Entre 1978 et 1997, la revue (A Suivre) a fait entrer la BD dans l’âge adulte. Dans son éditorial du 1er numéro (février 1978), Jean-Paul Mougin annonçait la couleur bien que ce mensuel édité par Casterman soit, à l’époque, imprimée sur du papier noir et blanc. Son rédacteur en chef prévenait ses lecteurs : « (A Suivre) sera l’irruption sauvage de la bande dessinée dans la littérature ». Deux ans plus tard, en novembre 1980, il enfonçait le clou : « Il s’est passé des choses depuis la parution de Bécassine. Il n’y a pas plus aujourd’hui UNE bande dessinée qu’il n’y a UNE littérature ».
« Pour moi, la bande dessinée est très étroitement liée à l’idée du feuilleton, donc de la périodicité de presse »
Le 9ème art en avait assez d’être pris pour cette sous-culture à destination exclusive des enfants, méprisée à la fois par les intellectuels et les professionnels de l’édition. Comme disait Sarkozy en son temps, la BD, c’est du sérieux ! Le Festival d’Angoulême avait été lancé seulement quatre années plus tôt, en 1974 et les auteurs commençaient à faire exploser, une à une, toutes les cases préétablies. La BD belge de papa, conformiste et moutonnière, était secouée par un vent de panique. Toute une génération biberonnée au magazine Pilote s’émancipait des Tintin, Spirou, Pif et Astérix, sans pour autant snober ces classiques. A la différence des romanciers et cinéastes élitistes qui daubent toute forme d’expression populaire, les dessinateurs savaient ce qu’ils devaient à Hergé, Franquin ou Goscinny.
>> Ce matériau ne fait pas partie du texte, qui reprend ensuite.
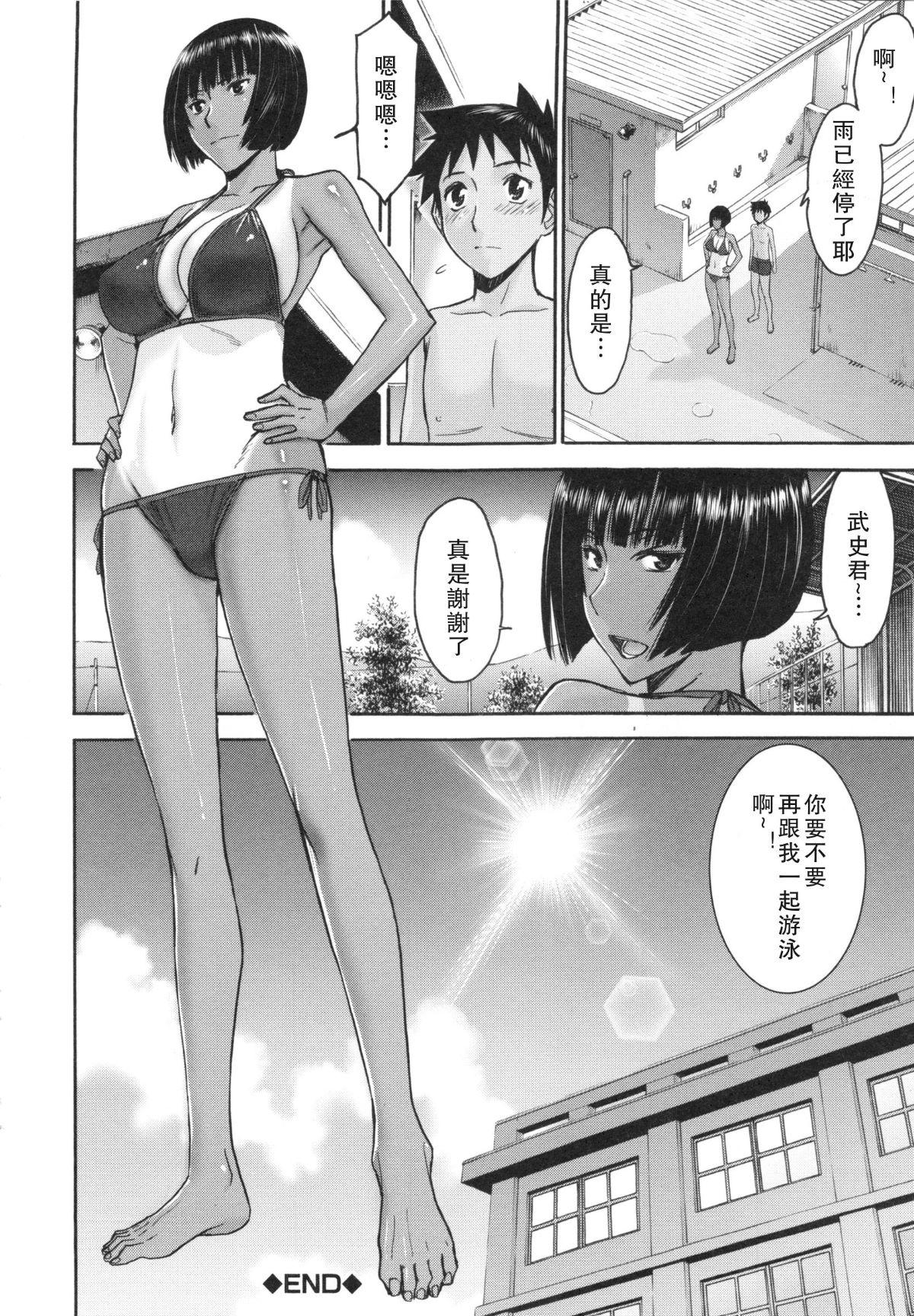 032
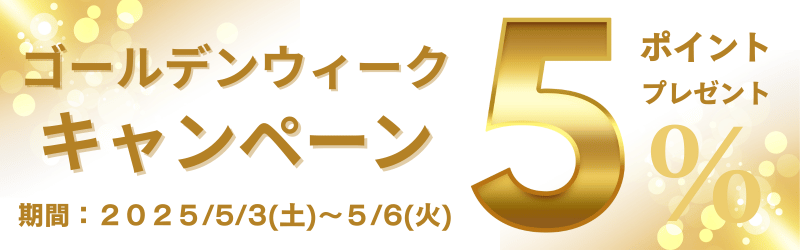ゴールデンウイークキャンペーンポイント5％プレゼント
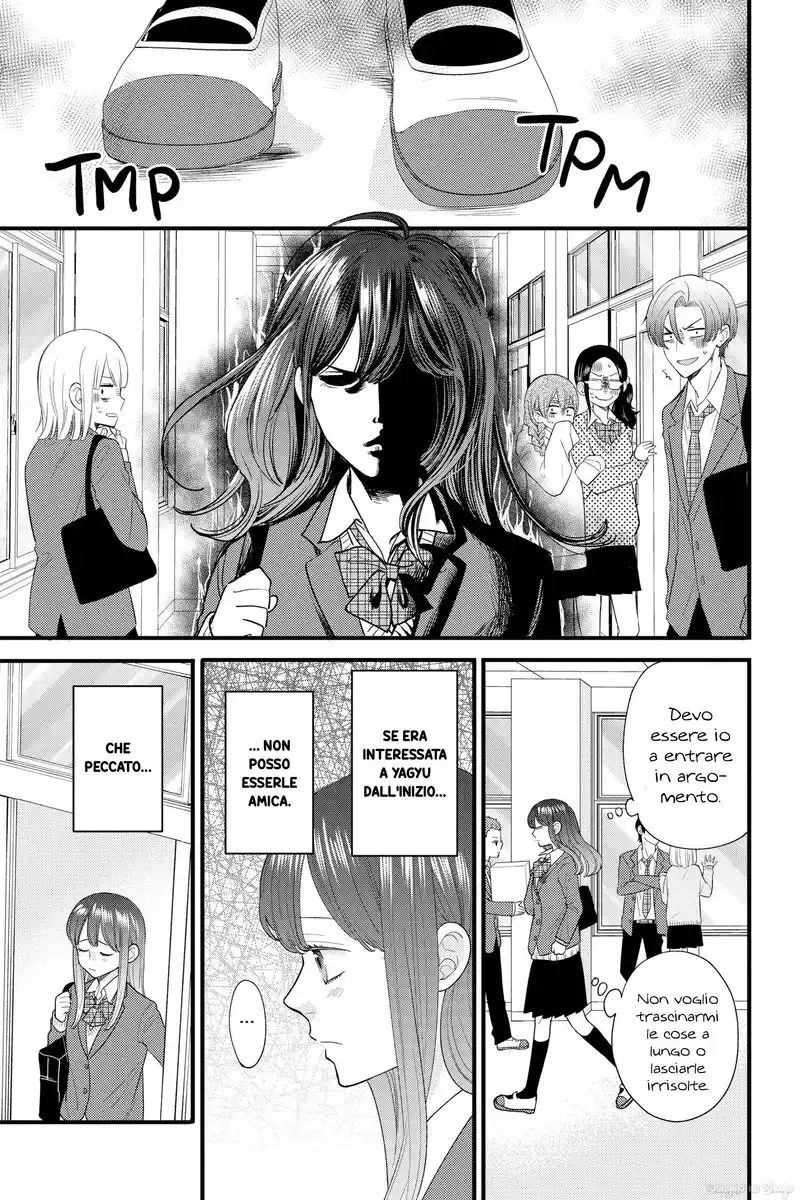 Ima, Koi wo shite imasu Capitolo 17 page 33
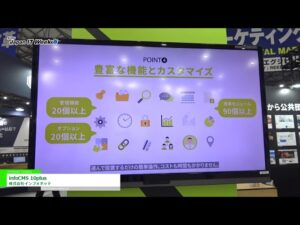 [Japan IT Week 春 2021] infoCMS 10plus – 株式会社インフォネット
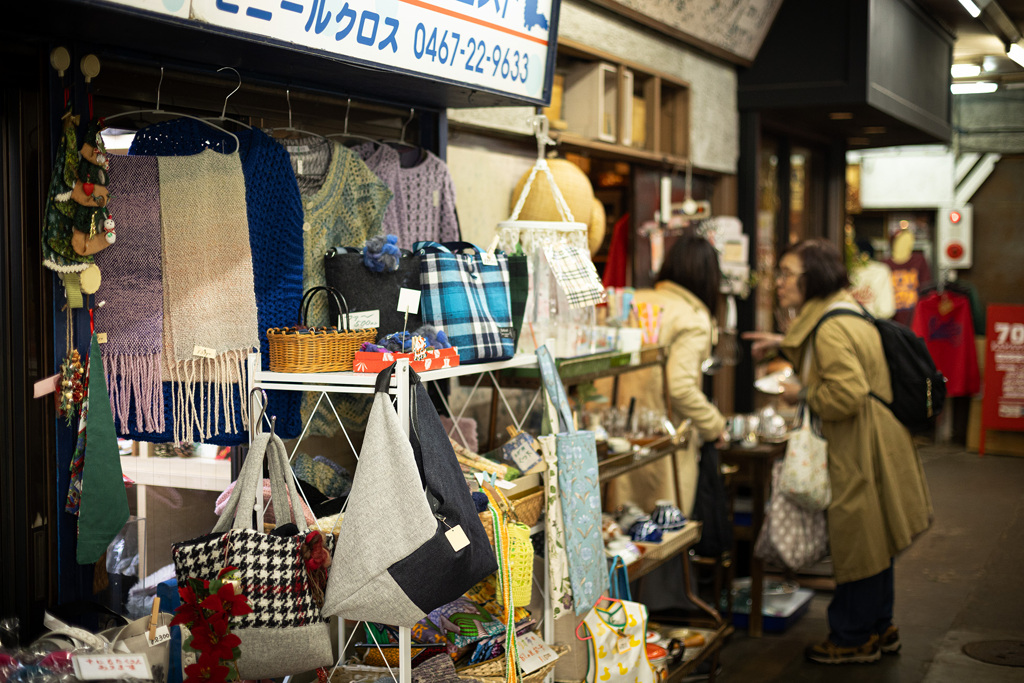 小町通ばかりが商店街ではなくて。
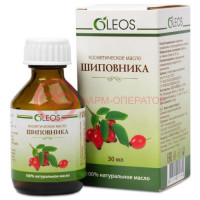 Олеос масло косметическое 30мл шиповника
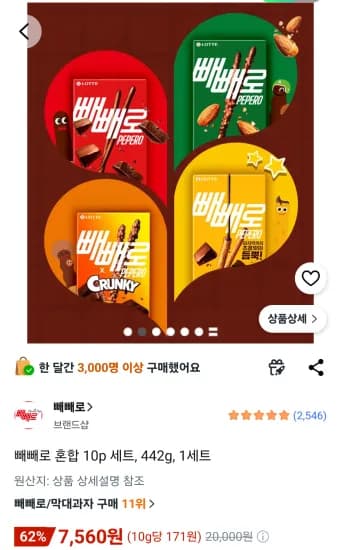 빼빼로 혼합 10p 세트, 442g, 1세트 (7,560원/무료)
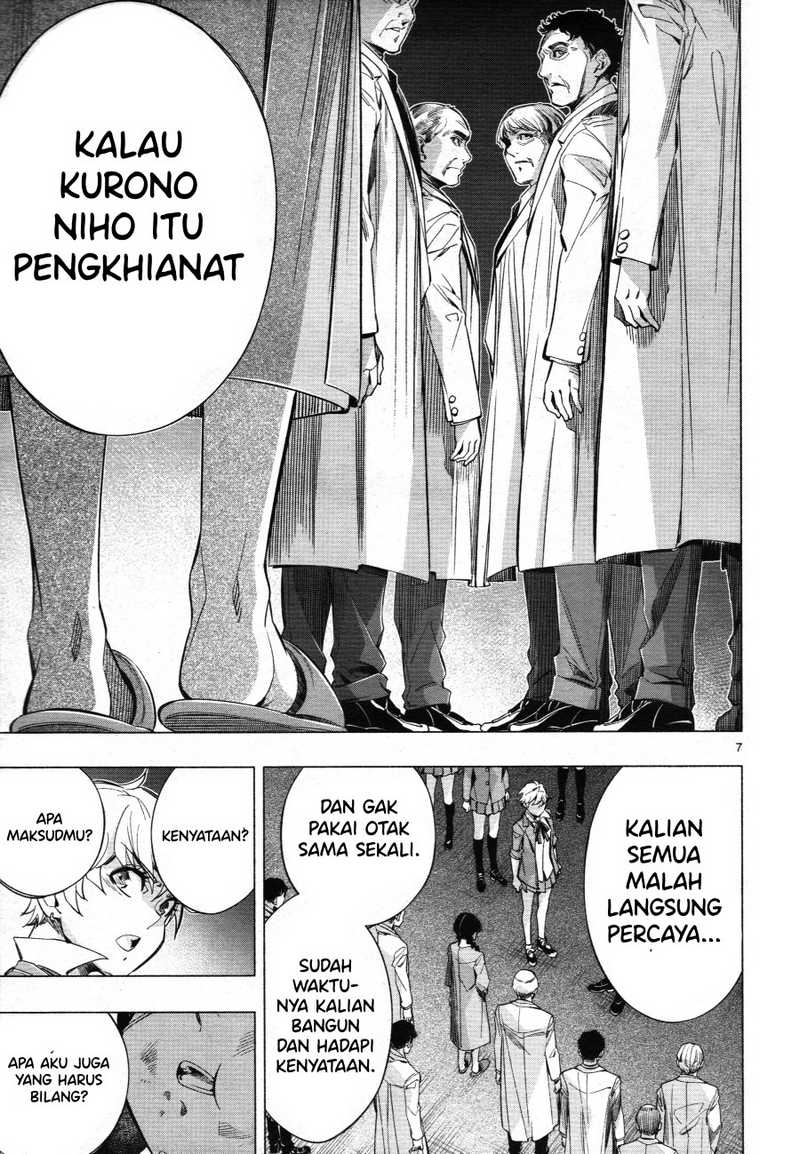 Himenospia Chapter 27 Gambar 10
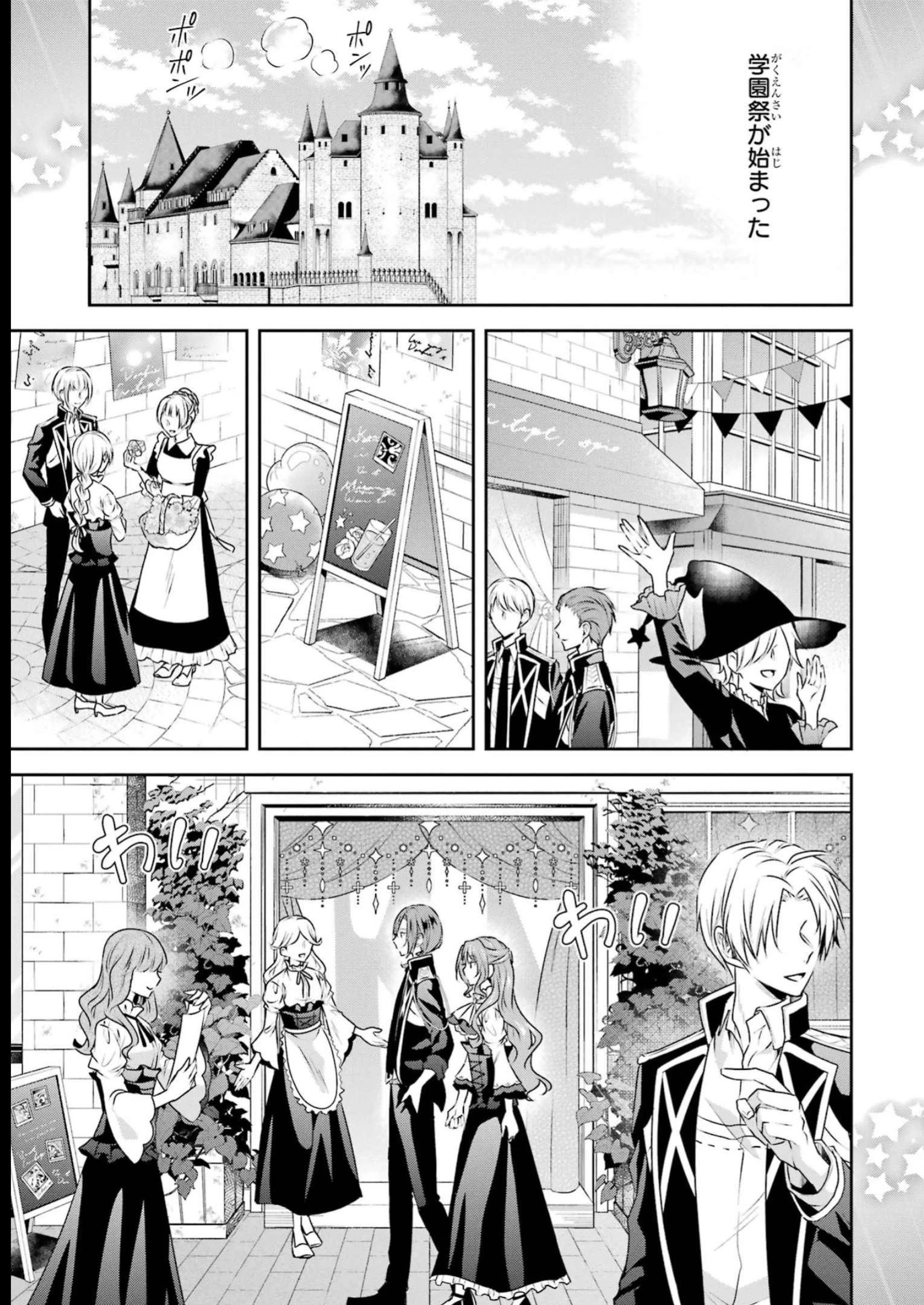 乙女ゲーム六周目、オートモードが切れました。 第26話 - 13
Malgré leur envie d’élargir les horizons, ces jeunes transgressifs ont toujours respecté les maîtres de leur jeunesse.
L’aventure (A Suivre) et son incroyable succès dans les kiosques est raconté par Nicolas Finet aux éditions PLG. Pour fêter le quarantième anniversaire de cette revue, le conférencier et commissaire d’expositions, entre autres, spécialiste des bandes dessinées asiatiques, a augmenté son ouvrage de référence paru en 2004. Au total, 24 entretiens avec les figures de ce magazine devenu mythique (Ted Benoit, Tardi, Jacques de Loustal, Benoît Peeters, François Boucq, Jacques Ferrandez, etc…), 39 portraits de héros (Corto Maltese, Ray Banana, Nestor Burma, Le Chat, Léon la Came ou Jonas Fink) et tous les secrets de fabrication de ce titre (entre parenthèses) au nom si étrange. Cette histoire totalement méconnue du grand public est passionnante pour ce qu’elle dit des années 70 et 80. En matière de BD, l’esprit de « Mai 68 » aura, au moins, eu un effet bénéfique sur la création et le renouvellement d’un genre ankylosé. Nicolas Finet porte un regard vif sur les transformations techniques, la place de la presse magazine dans le dispositif commercial d’alors ou la volonté, par exemple, de sortir de la dictature des « 48 pages standard ». « Largement acquise aujourd’hui l’idée d’une bande dessinée développée sur des formats longs, sans trop de contraintes de pagination est également tout à fait neuve à l’époque » écrit-il. La marque de fabrique d’(A Suivre) sera de remettre le feuilleton au cœur de l’actualité. Ce que confirme Jacques Tardi, l’un des porte-étendards de la BD dite de « longue haleine » : « Pour moi, la bande dessinée est très étroitement liée à l’idée du feuilleton, donc de la périodicité de presse ». Rue Madame, en plein 6ème arrondissement, dans « trois soupentes et un grenier » selon la formule de son directeur Didier Platteau, (A Suivre) va devenir l’épicentre d’une BD aussi ambitieuse graphiquement que littérairement.
L’aventure (A Suivre), Nicolas Finet – Éditions PLG – Collection Mémoire Vive.